> **Your objective**
Copy out exactly the lines spanning the line with "Wall Bracket Stone" to the line with "Tamil Nadu Gramasabais", inclusive, from the data underneath, with no pictures.

> **Given records**
=-=-=

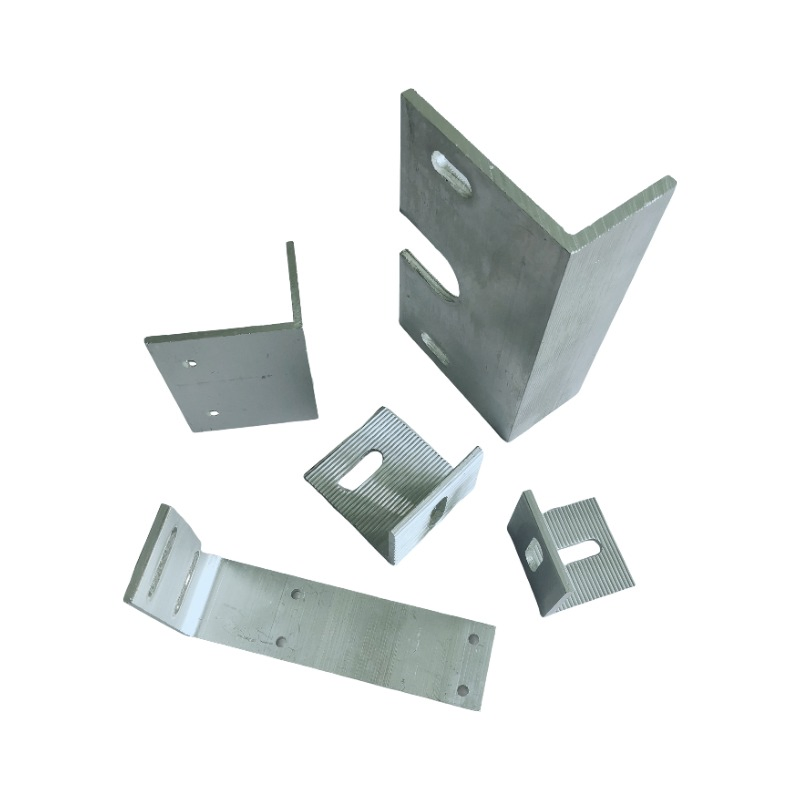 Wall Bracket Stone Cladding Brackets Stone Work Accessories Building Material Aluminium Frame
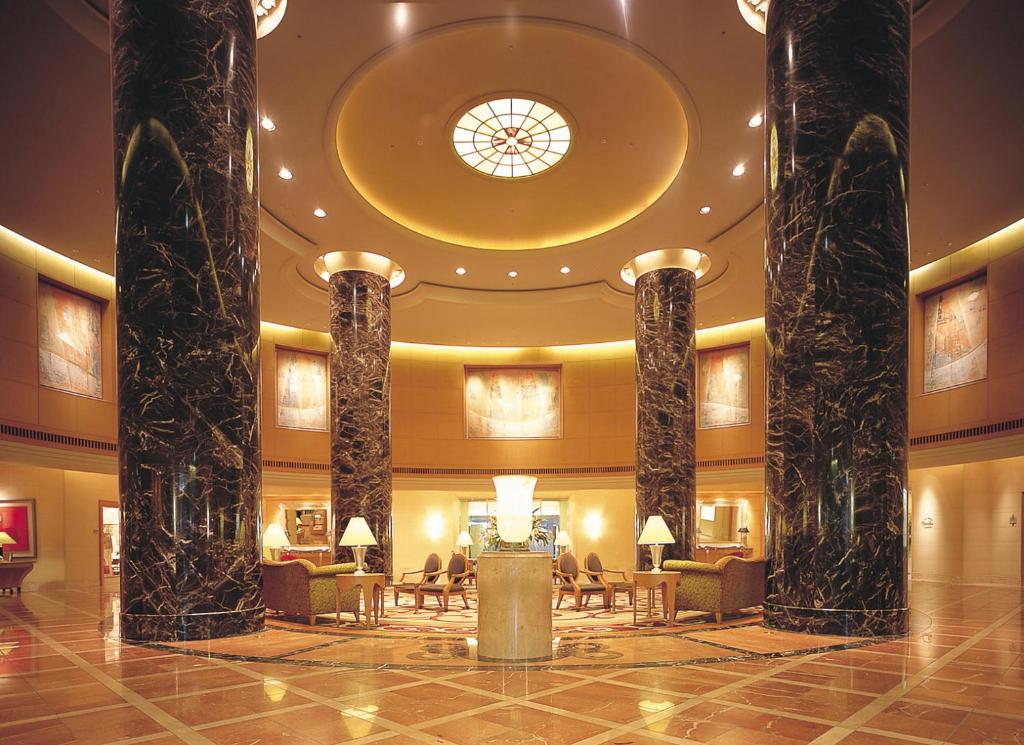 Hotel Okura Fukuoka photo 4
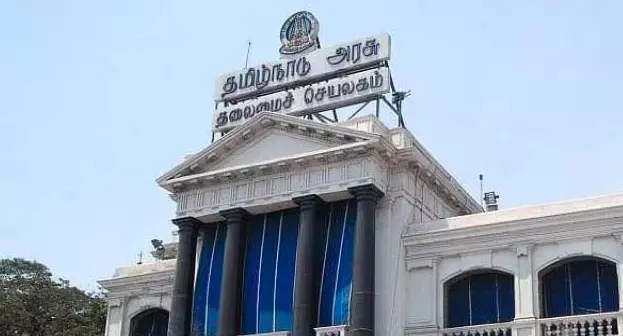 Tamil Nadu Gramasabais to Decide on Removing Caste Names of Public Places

=-=-=

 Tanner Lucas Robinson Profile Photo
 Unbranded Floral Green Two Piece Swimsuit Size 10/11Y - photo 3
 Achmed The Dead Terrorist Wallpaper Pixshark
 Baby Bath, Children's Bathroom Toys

=-=-=

> **Answer for the task**
 Wall Bracket Stone Cladding Brackets Stone Work Accessories Building Material Aluminium Frame
 Hotel Okura Fukuoka photo 4
 Tamil Nadu Gramasabais to Decide on Removing Caste Names of Public Places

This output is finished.